After a year’s gap, Nicky Buckett put together another of her Quiz Nights, held as usual at the Grenville Rooms, Kilkhampton.  As  in previous years, there was an excellent turnout for this event, with around 40 people filling the skittle alley to capacity.  Nicky had included some ‘pub quiz’ type questions and identifying pictures of buildings but during the course of the evening, contestants were faced with a wide range of challenges: identifying a range of brown powders taxed the taste buds, as did trying to work out what were the ingredients in a range of different fruit squashes.  Rear Commodore Linda Spiller contributed a question to the quiz that involved naming pictures of celebrities when they were children – and this caused considerable head-scratching, followed by cries of ‘Oh, of course…’ when the identities were revealed.  Probably the most difficult task, though, was constructing the longest bridge to take a toy car’s weight, using only 4 sheets of A4 paper and a short length of Sellotape – whilst the task of picking up Smarties using only a straw to put them back in the box produced lots of laughter.  The winning teams as usual were rewarded with some edible prizes, but this year in addition they also received hand-crafted glass keepsakes (with an appropriate nautical motif), made at home by Linda.  From feedback on the night and subsequently, this was clearly an evening that many club members really enjoyed – grateful thanks to Nicky Buckett and Linda Spiller for devising and organising it.

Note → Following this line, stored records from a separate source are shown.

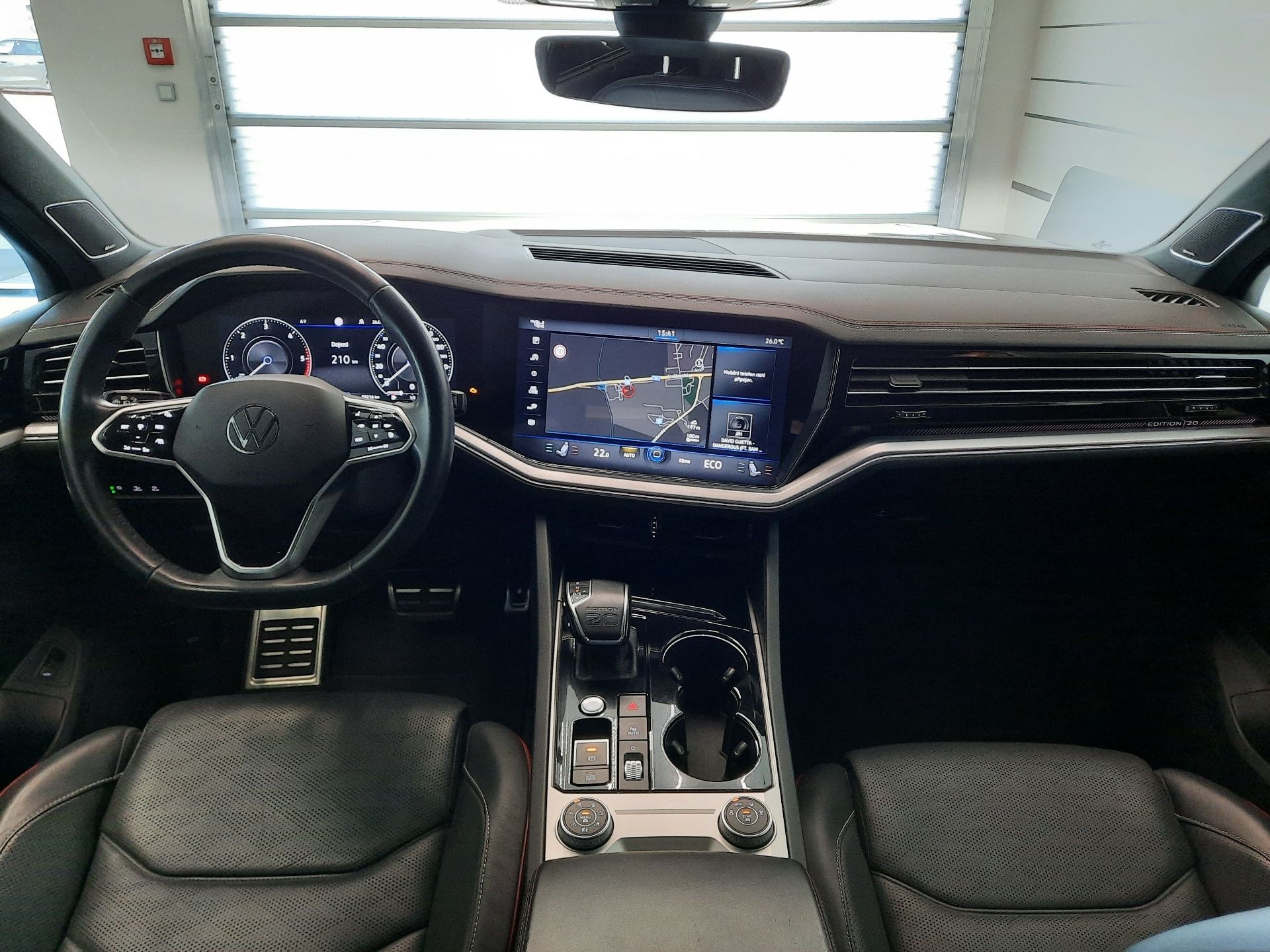 Volkswagen Touareg, R-Line 3.0 TDI 4Motion Edition - fotka 5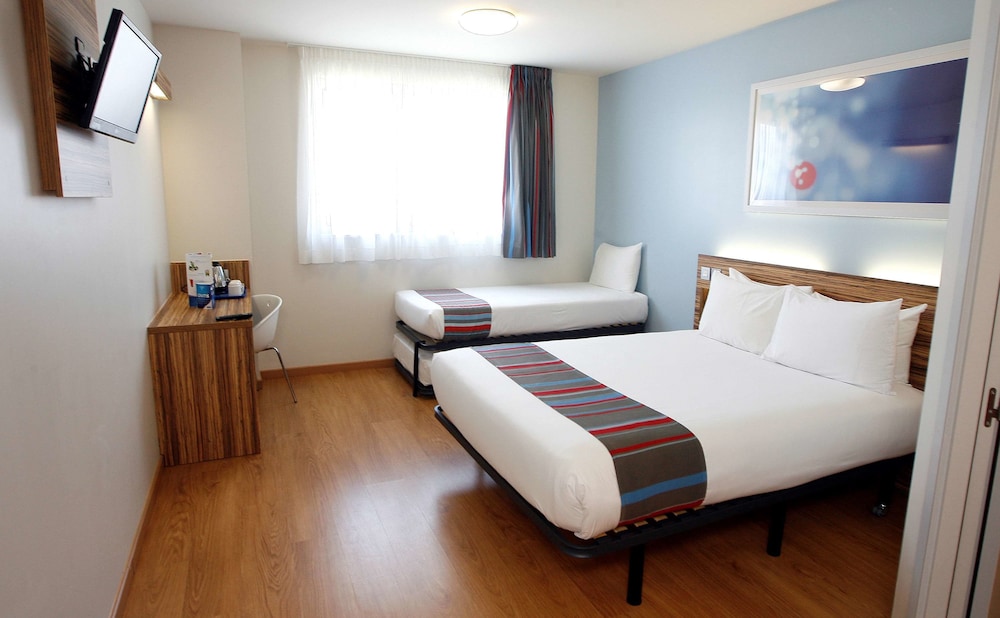 Travelodge Valencia Aeropuerto Hotel 12/48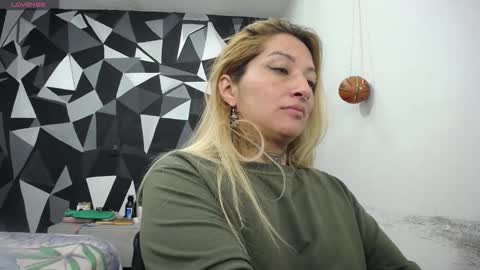 Snapshot of fenix_purple chatting on December 17, 2025, 3:23 am FENIX online show from December 17, 2025, 3:23 am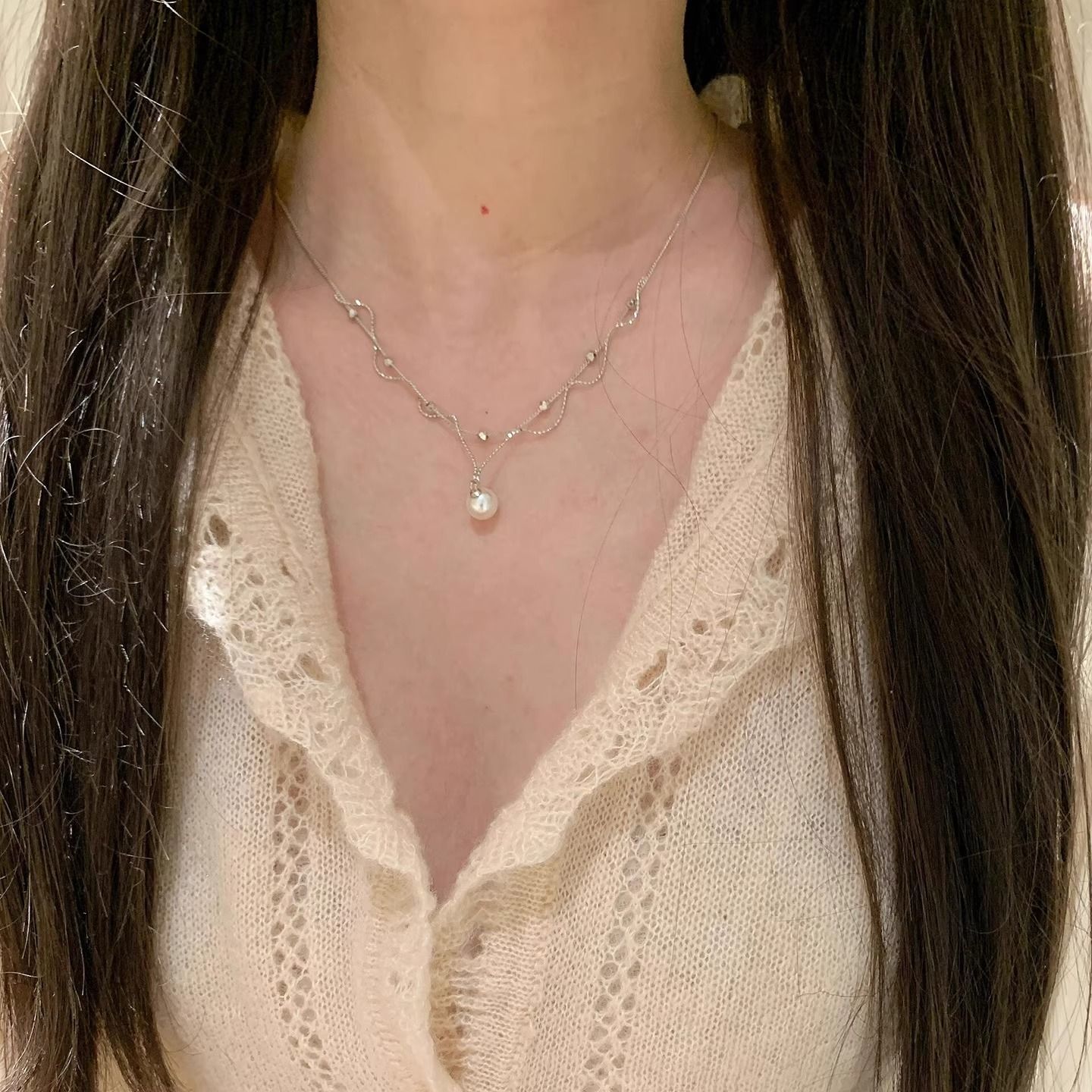 Silberne, kühle Perlen-Spitzenkette für Damen – Sommer, leichter Luxus, elegantes High-End-Choker-Accessoire, Neuheit 2025_voghion.com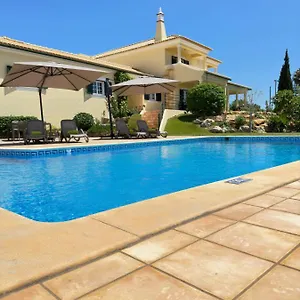 https://villa-tranberg.hotelaalgarve.com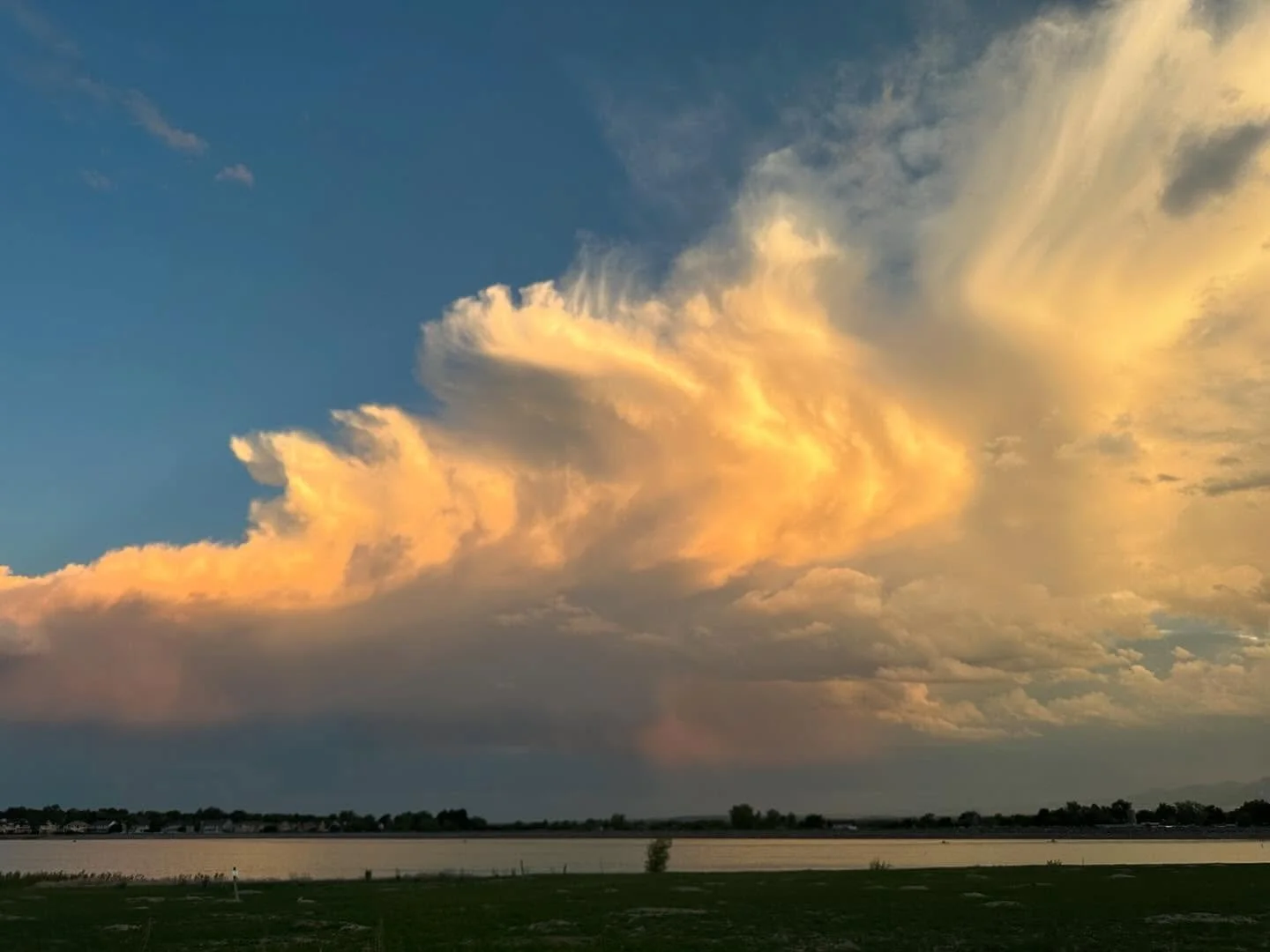 Glorious light show last evening by the lake. Awe inspiring and constantly shifting and morphing. Sometimes the beauty overwhelms me in the best way ❤️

Many thanks to Nicky Buckett and Mandy Spiller for the photographs

Safety Boat Certificates for Club Members

Or, if the ‘Daily Mirror’ was doing the headline, it would be ‘Tamar Four Power to Success’!  Congratulations to Brian, Sue, John W and Toby for all successfully completing the two-day course over the weekend and being awarded their certificates.  Phil Timings ran the course, which by all accounts was very comprehensive, including practicals on rescuing canoes, kayaks and windsurfers, as well retrieving capsized sailing dinghies.  Fortunately, the weather was relatively benign for the time of year, with some sunshine on both days.  Thanks to all four club members for giving up their weekend to gain the qualification.

Many thanks to Mandy Pollard and Roger Heasman for the photographs.

Ten Pin Bowling at Harlequinns

A cheerful group of club members gathered at Harlequinns to help banish the January blues away with an Saturday evening game of ten-pin bowling.  Divided into four lanes, everyone entered into the spirit of gentle competition to compete for best group, best individual, best junior etc. The pressure was eased somewhat by having the bumpers up on each lane, so that the potential embarrassment of rolling consecutive gutter balls was lifted.  Many thanks to Linda Spiller for organising the evening, which all ran very smoothly – and to Mandy Pollard for taking the photographs, on which the lighting produced some fascinating effects.